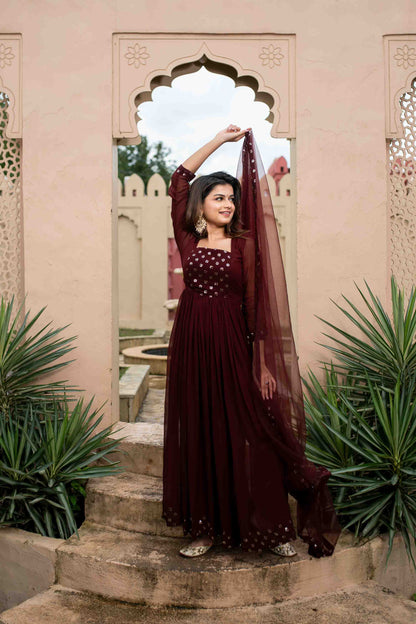 Women's Maroon nayra cut kurtaÂ set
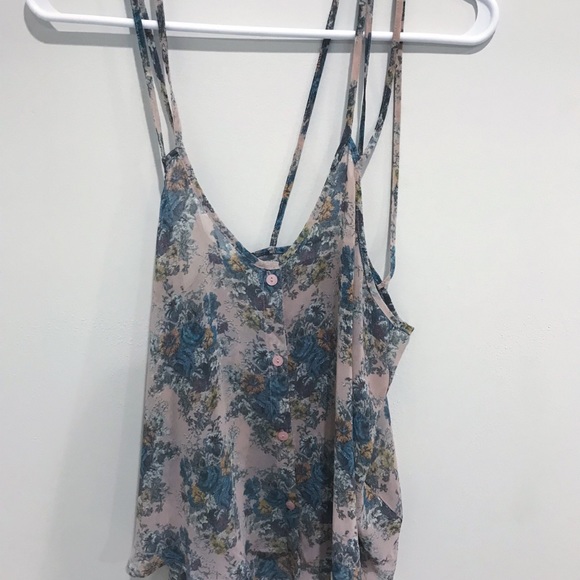 🌸 Floral Top 🌸 - Picture 2 of 4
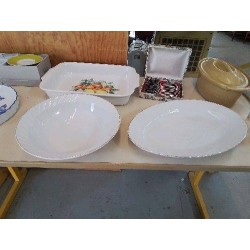 PLAT EN PORCELAINE BORDURE DORÉ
==============================
What this task involves>
Everything in the listing except the pictures must come back exactly as written.

Answer for the task>
 Women's Maroon nayra cut kurtaÂ set
 🌸 Floral Top 🌸 - Picture 2 of 4
 PLAT EN PORCELAINE BORDURE DORÉ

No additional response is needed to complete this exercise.